In the ecosystem of art mediums, works on paper were once overlooked but no more. Prints, drawings, watercolours and collages – once sidelined as studies or sites of experimentation – are now reaching the forefront of collector consciousness. In recent years international art fairs, art awards and exhibitions dedicated to the medium have sprung up, causing collectors, gallerists, curators and art lovers to pay attention. 
 
At the precipice of desirability and accessibility, the time is ripe to invest. Not only a fecund opportunity, works on paper often possess their own kind of magic: an intimacy and immediacy that is rare in a world of screens and spectacle. Welcome to the rich and giving world of works on paper.

 

James Gleeson, 'Drawing no 187'

 

From the artist’s mind

One of the unique attractions of drawing is how immediate it is to an artist’s process. An almost automatic compulsion, putting pencil to paper can be a way for an artist to record the ideas, events and feelings that populate their life. 

 

Arthur Boyd, 'Untitled (Portrait and Skull)'

 

When the Blackman family relocated to London in 1965, Charles entered his ‘Golden-Era for Drawing’. Indeed, flushed with the intense newness moving abroad entails, he took fervently to his notebook and Rotring pen, capturing the people and sights that struck him most. 
 
The fruits of this period are dappled with unexpected complexities. In ‘Interior’ you see Charles formulating his thinking around interiors, a concept that refers to both physical and psychic space. In the background he draws a window – a metaphoric tool for both looking out at and segregating the external world. This duality, immersed yet distanced, recalls how it feels to be homesick. 

 

Charles Blackman, 'Interior'

 

Deceptive mastery 

Works on paper can be deceptively technical. An example is Adrienne Gaha’s ‘Reclining Male Nude’, a large charcoal on paper that is so beautifully rendered it looks like silk. Caught between figurative and abstract, liquid and still, spontaneous and considered, Gaha’s work is like a mirage. This restlessness is as much an aesthetic as it is an existential insight. The artist invites speculation, delighting in the dance of interpretation.

 

Adrienne Gaha, 'Reclining Male Nude'

 

To different affect, Anne Marie Hall also explores the possibilities of charcoal on paper. In ‘The Couple’ she draws two figures surrounded by shadows. Unlike traditional nudes these bodies are awkward, their faces twisted by some unknown thought. Hall is interested in the psychological reality of her subjects; it is as though she has peeled back a facade to reveal something uneasy.

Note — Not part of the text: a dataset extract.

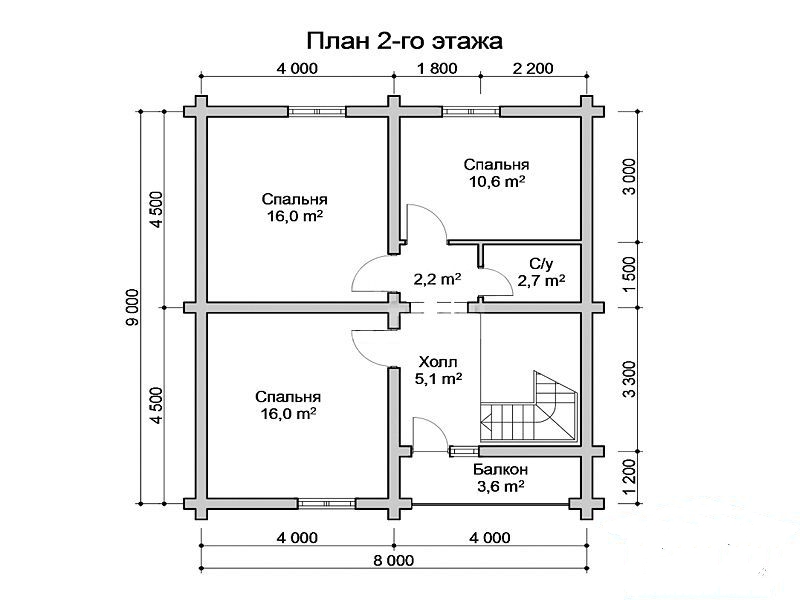 https://krasnogorsk.tgv-stroy.ru/storage/app/uploads/public/65d/c32/015/65dc320154f57445008588.jpg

As the former wife of the talented yet troubled John Perceval, Hall understands relationship dynamics with great acuity. Against an abstracted black background, her couple hurtles through space. The use of charcoal – dark, uncontrollable and prone to the dramatic – is not incidental. 

 

Anne Marie Hall, 'The Couple'

  

Judy Cassab, 'Artist and Model'

 

An art critic once described works on paper as a narrative, not a tool. That an artist elects to draw or print their vision can be the key to understanding their work – it’s a plot point in the story of their practice.
 
As for the medium’s growing popularity among collectors and alike, perhaps its intimacy and accessibility is responsible. Or perhaps there is a nostalgia to art on paper – a salve to an age where screens feel omnipresent. Either way, the best works on paper won't remain as undiscovered as they are now, so why not make your own discovery.